# 07 sentra stalls when parked facing downhill



## Silver Z (Feb 12, 2014)

Hey guys. So I've been looking for weeks now on info for this but failed to find anything. My girlfriend has an 07 sentra 2.0 auto that stalls and sputters whenever it is parked nose down on a hill. Happens at any gas level, in any weather, and no matter if the car has been running or is cold started. When you are parked nose down in a parking spot you have to keep it floored to try and keep it from stalling but it always stalls at least once until it levels out on flat ground. Literally the only thing I can think of is something about the fuel pump but I'm not that keen on foreign cars. This has me completely stumped and any info would help.

Edit: saw another post with a vacuum leak issue but I haven't found any of those either.


----------



## pandahugsxo (Jul 11, 2017)

Silver Z said:


> Hey guys. So I've been looking for weeks now on info for this but failed to find anything. My girlfriend has an 07 sentra 2.0 auto that stalls and sputters whenever it is parked nose down on a hill. Happens at any gas level, in any weather, and no matter if the car has been running or is cold started. When you are parked nose down in a parking spot you have to keep it floored to try and keep it from stalling but it always stalls at least once until it levels out on flat ground. Literally the only thing I can think of is something about the fuel pump but I'm not that keen on foreign cars. This has me completely stumped and any info would help.
> 
> Edit: saw another post with a vacuum leak issue but I haven't found any of those either.

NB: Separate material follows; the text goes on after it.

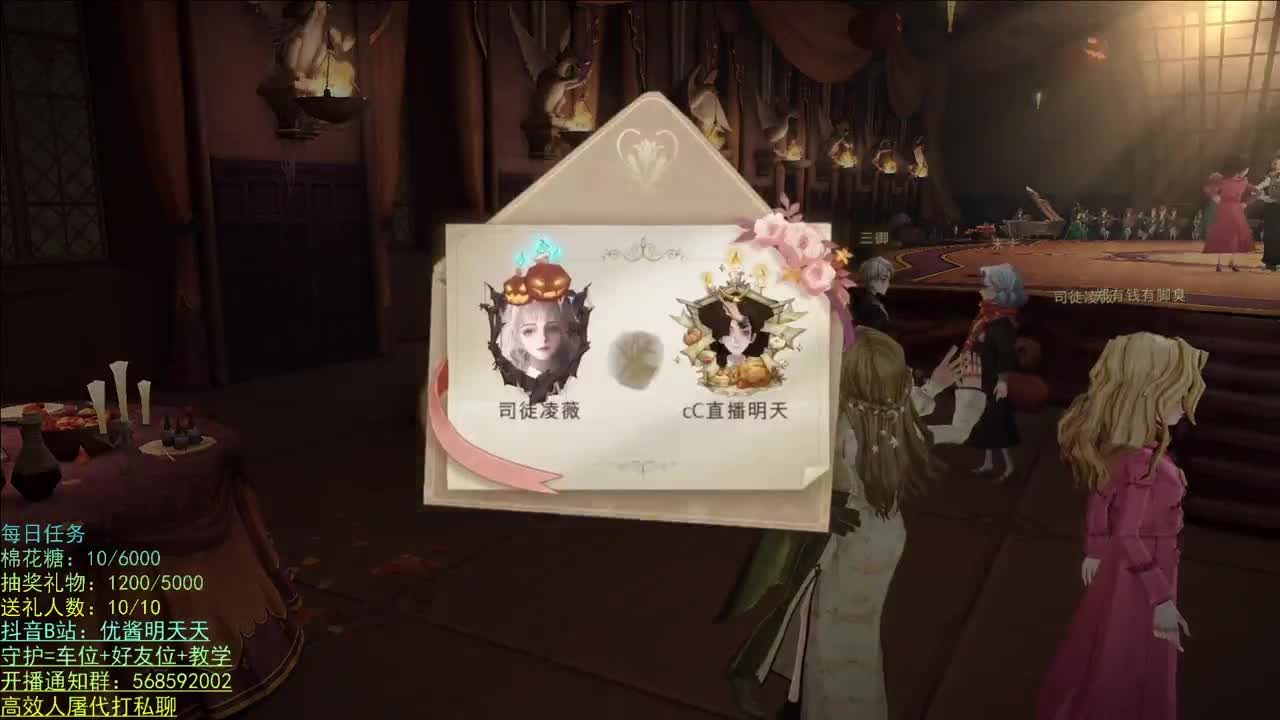 中午好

I have the same issue, did you find the problem


----------



## peacenlove613 (Nov 9, 2015)

pandahugsxo said:


> I have the same issue, did you find the problem




This just started happening to my wife’s car but only when tank is less then half full. 
Also when car is running and facing downhill the idle sputters but catches itself before it stalls. Any ideas?


----------



## smj999smj (Jan 1, 2006)

I've heard of a number of people with similar issues that corrected this by replacing the fuel pump module on B16's. I can't guarantee that it'll fix your car, but it would make sense since it obviously sounds like something inside the tank.


----------